Task | Please leave out pictures and print exactly the lines from the one that has "Free A portrait" through the last line of the material below.

Supplied information |
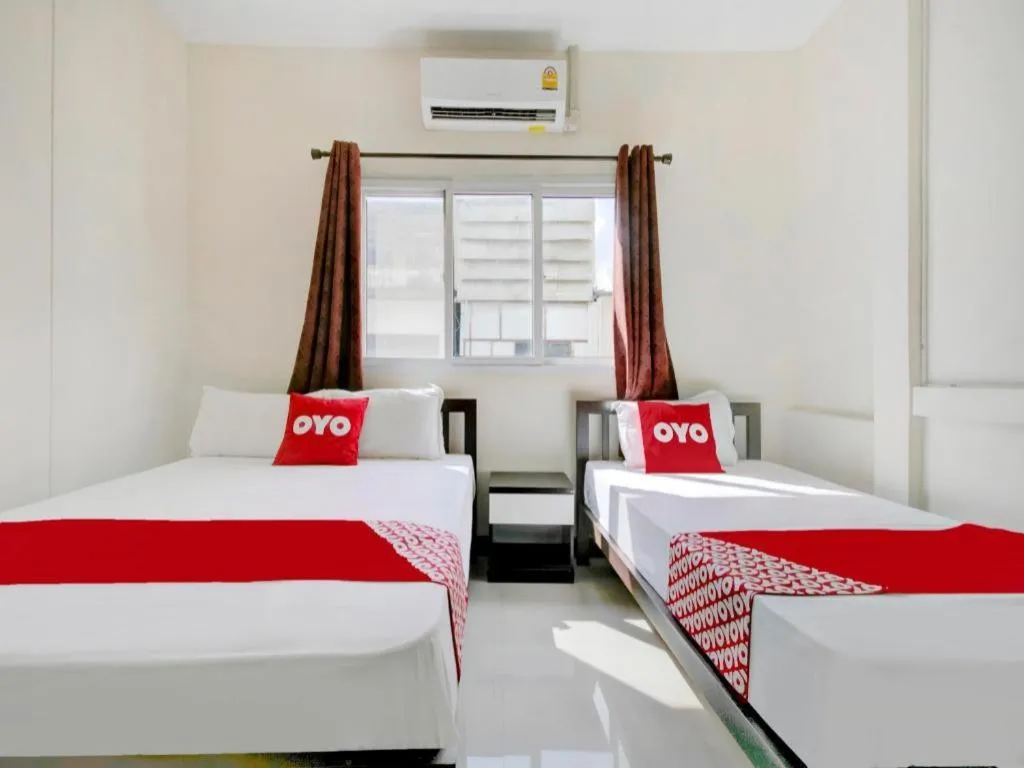 Bed in OYO 253 KK 11 Boutique Inn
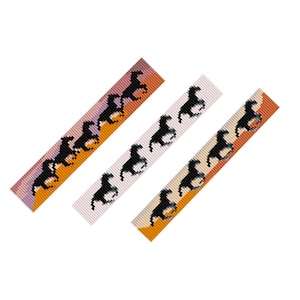 May include: Three beaded bracelets with a pattern of black horses running across a gradient background. The bracelets have a pink, white, and orange gradient.
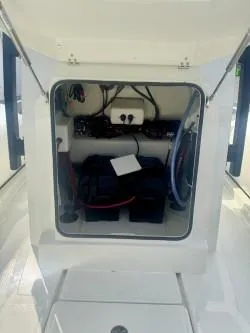 Slide: The Image of 2026 Brig Navigator boat storage compartment with equipment and wiring. - 10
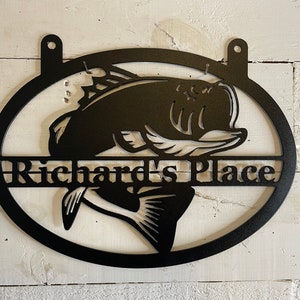 May include: Black metal oval sign with a cutout of a bass fish and the text "Richard's Place" in a banner below the fish.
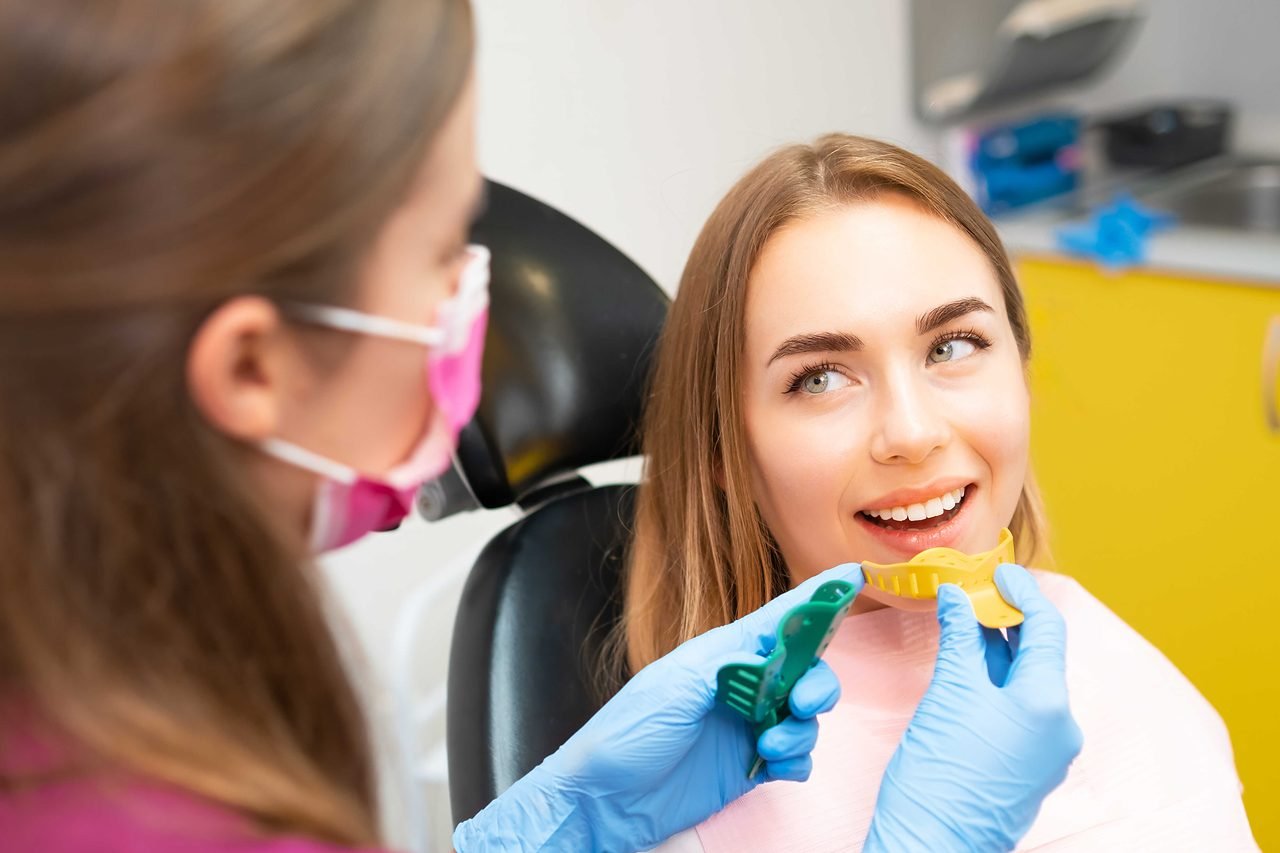 Dental assistant holding impression trays beside a smiling patient in the chair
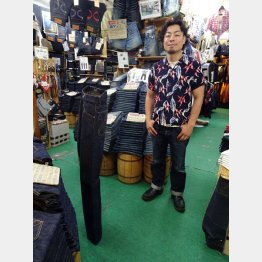 立っている「2kg JEANS」を見つめる酒井隆太さん（Ｃ）日刊ゲンダイ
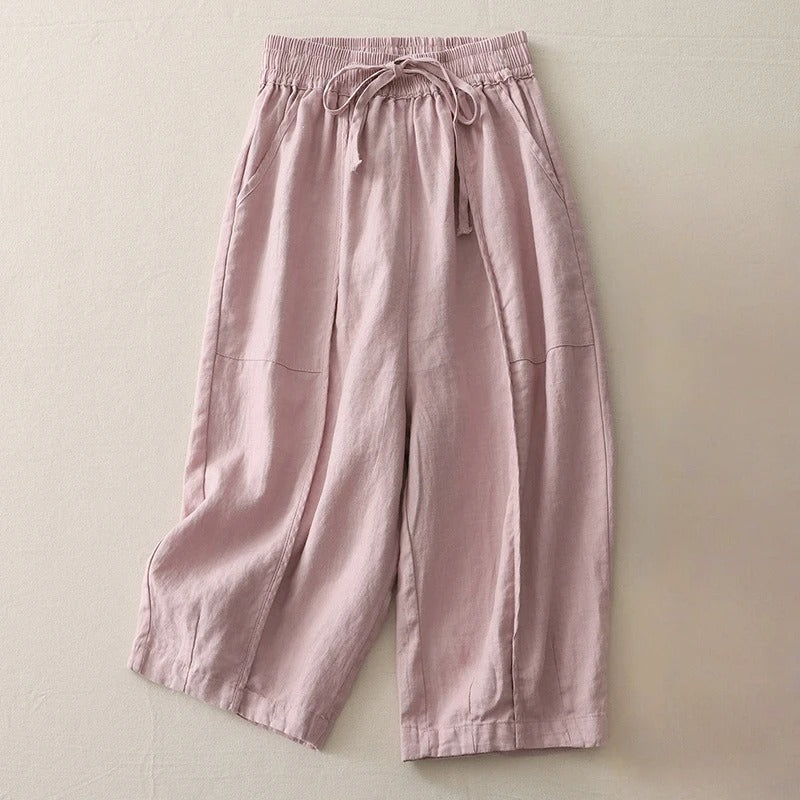 Women's cropped linen blend pants in neutral tone, relaxed fit with elastic waist and soft pleats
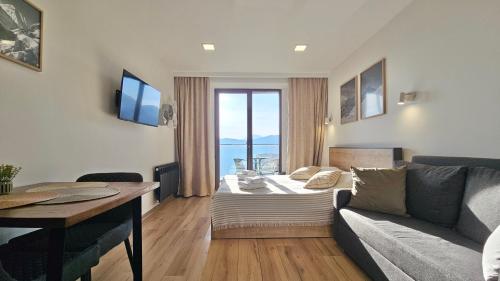 a living room with a couch and a table at GVC New Gudauri Loft-2 in Gudauri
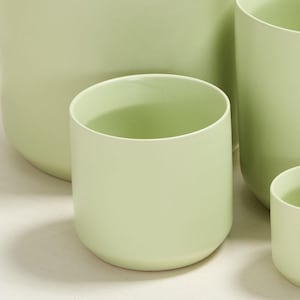 Puede incluir: Colección de macetas de cerámica verde claro de varios tamaños. Las macetas tienen un acabado liso y mate y una forma cilíndrica simple. La maceta más grande tiene aproximadamente 30 cm de diámetro.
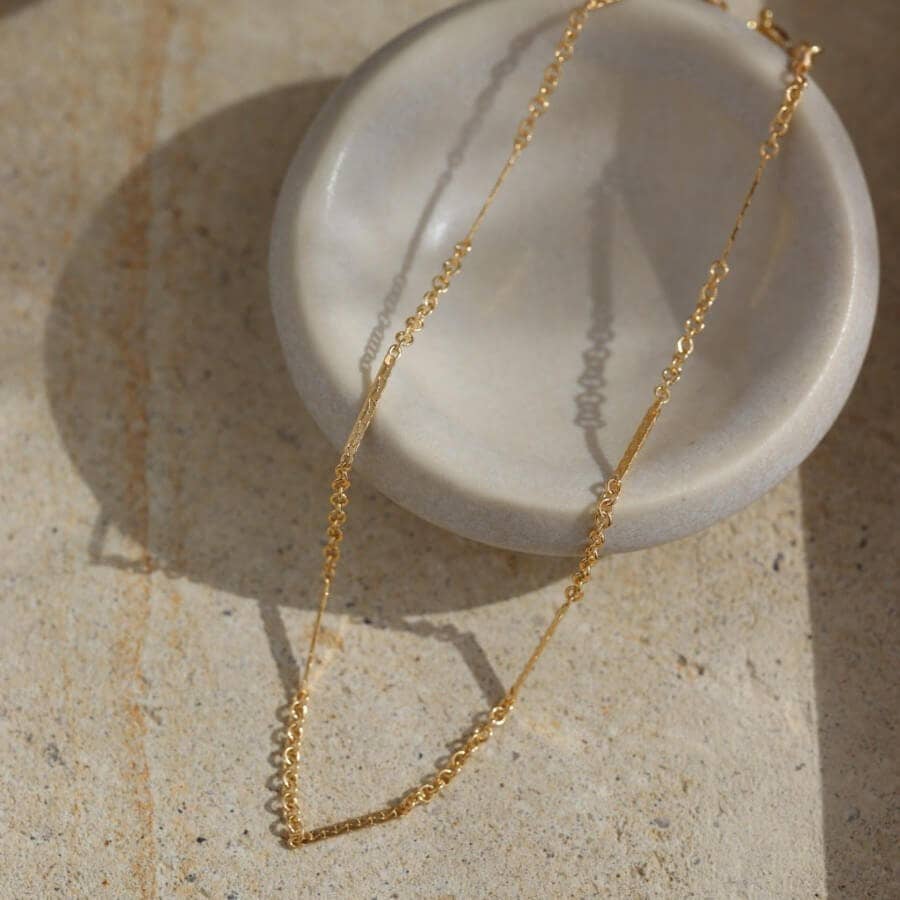 Gold bracelet chain, elegantly draped over a beige ceramic dish, casting shadows in the sunlight.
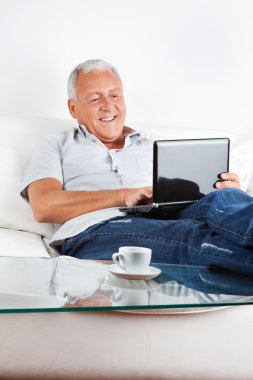 Relaxed Senior Man Working on Laptop clipart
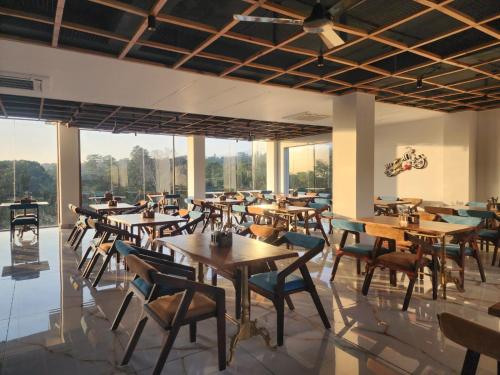 达兰萨拉Portola Hotel By Parkside的餐厅设有桌椅和大窗户。
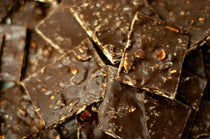 Pile of Dark Chocolate Toasted Almond Bark squares with chopped toasted almonds embedded throughout the dark chocolate.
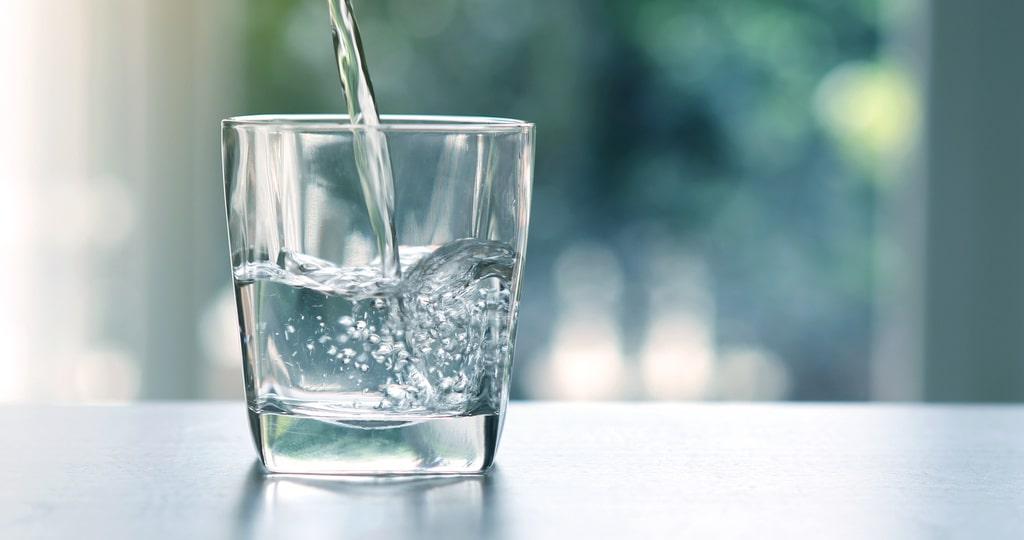 pouring purified fresh drink water from the bottle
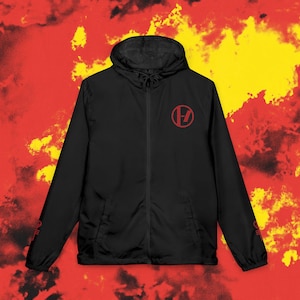 May include: Black hooded jacket featuring a red logo on the chest and sleeve. The jacket has a full zip and a drawstring hood. The background is a mix of red and yellow colours.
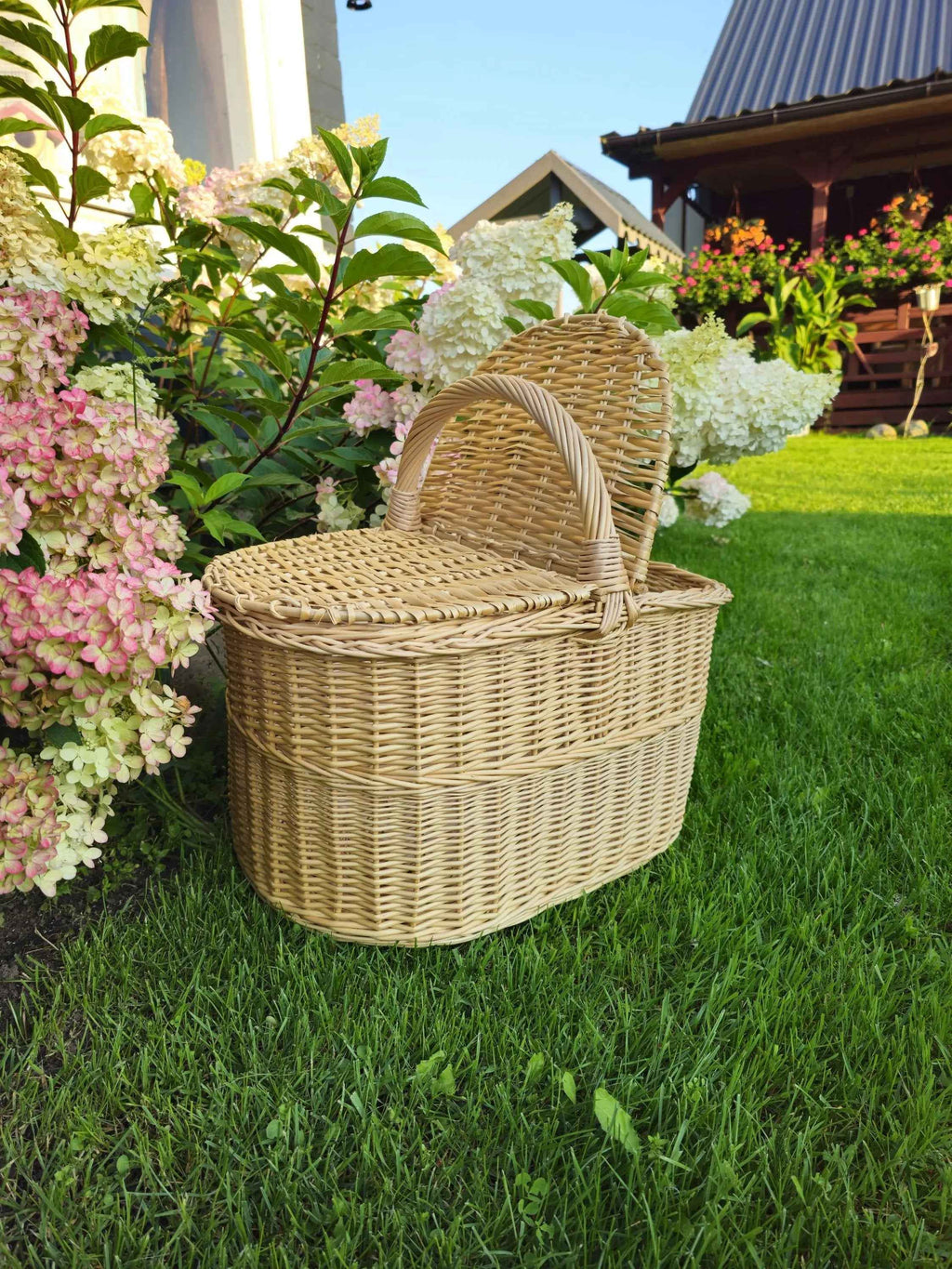 Ovali pikniko pintinė su lanko formos rankena, dangtis praviras, matyti pynimas viduje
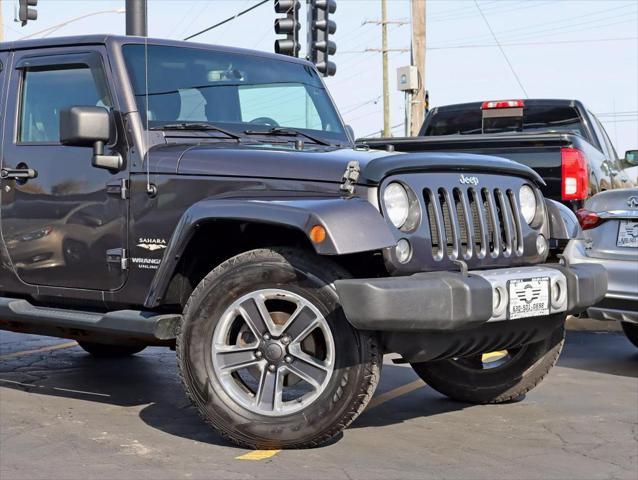 used 2014 Jeep Wrangler Unlimited car, priced at $17,495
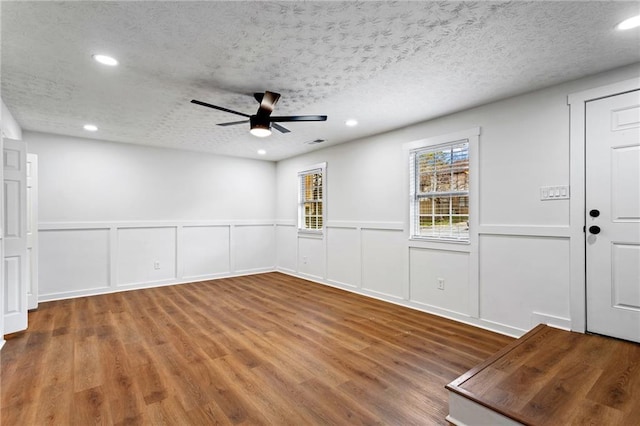 interior space with visible vents, a textured ceiling, wood finished floors, recessed lighting, and ceiling fan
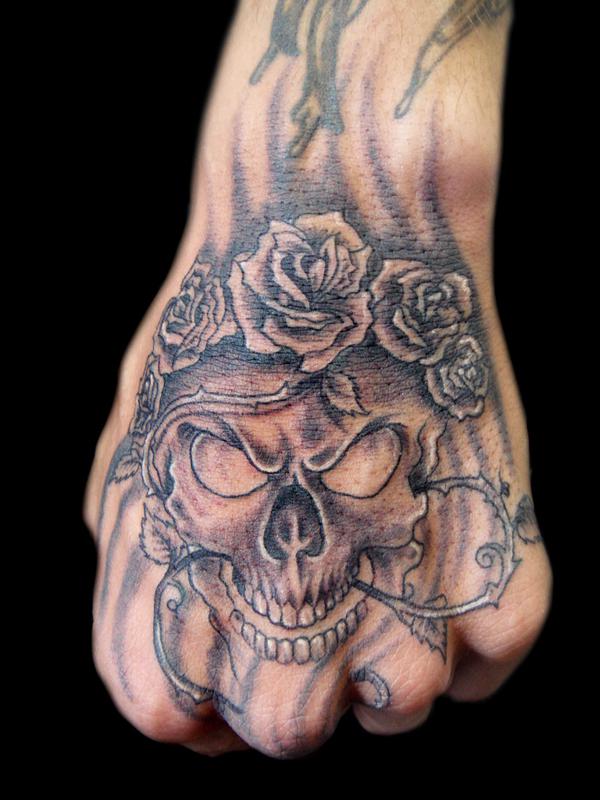 Lebka a růže s tetováním trnu na ruce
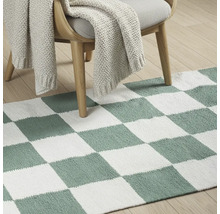 Dekorative Bodenszene mit Teppich im Schachbrettmuster unter einem Stuhl mit Strickdecke.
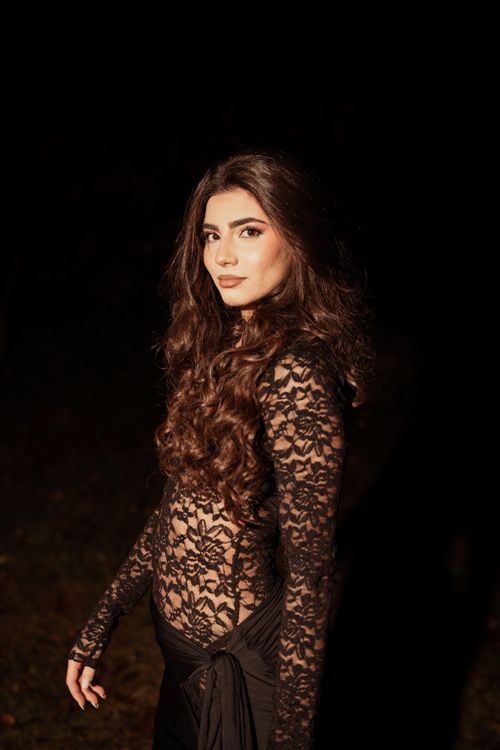 Free A portrait of an elegant woman in a black lace outfit captured at night, showcasing fashion and beauty. Stock Photo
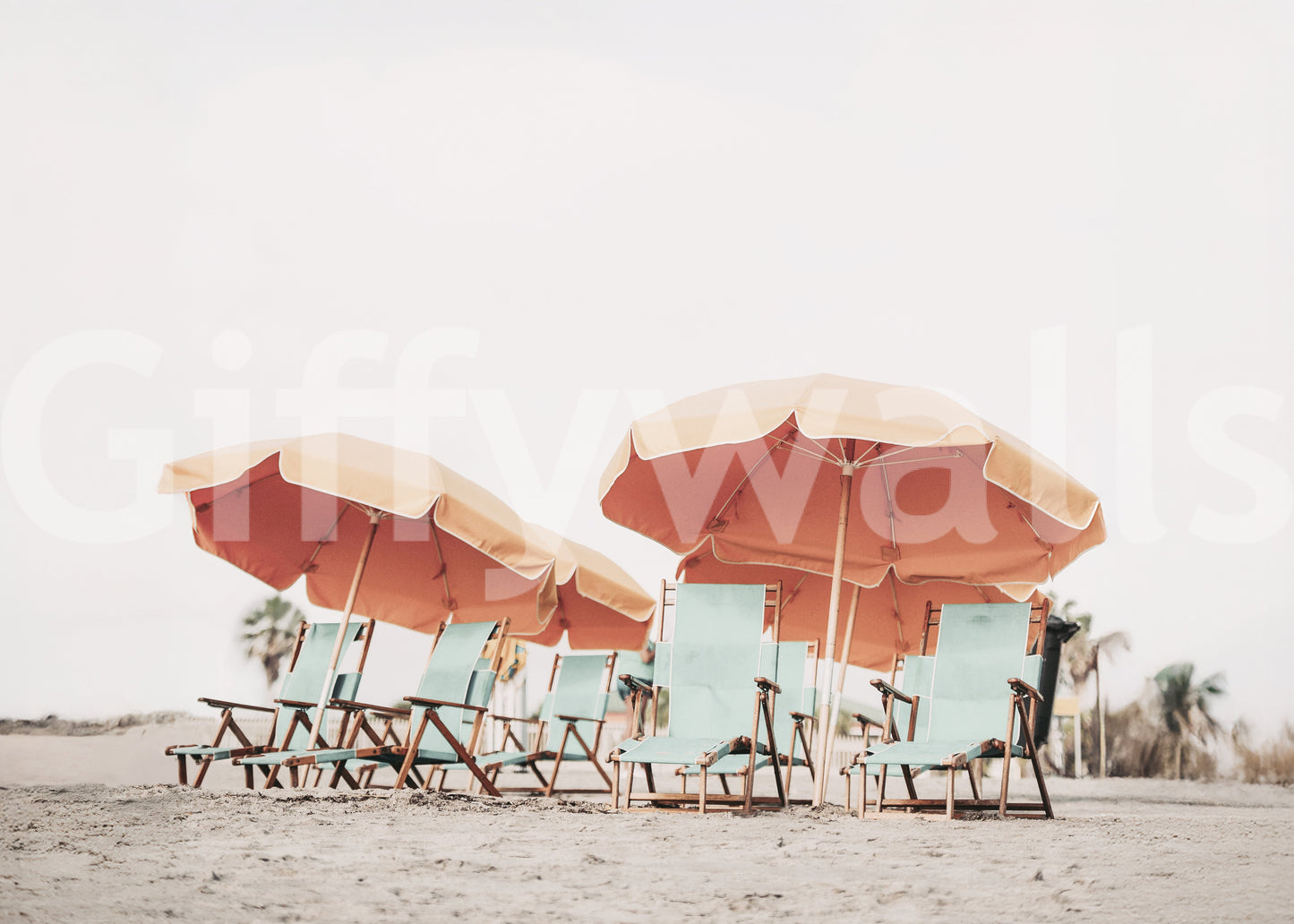 Scalloped sunshades sit closely together across the entire coastal wall mural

Answer to this task |
 Free A portrait of an elegant woman in a black lace outfit captured at night, showcasing fashion and beauty. Stock Photo
 Scalloped sunshades sit closely together across the entire coastal wall mural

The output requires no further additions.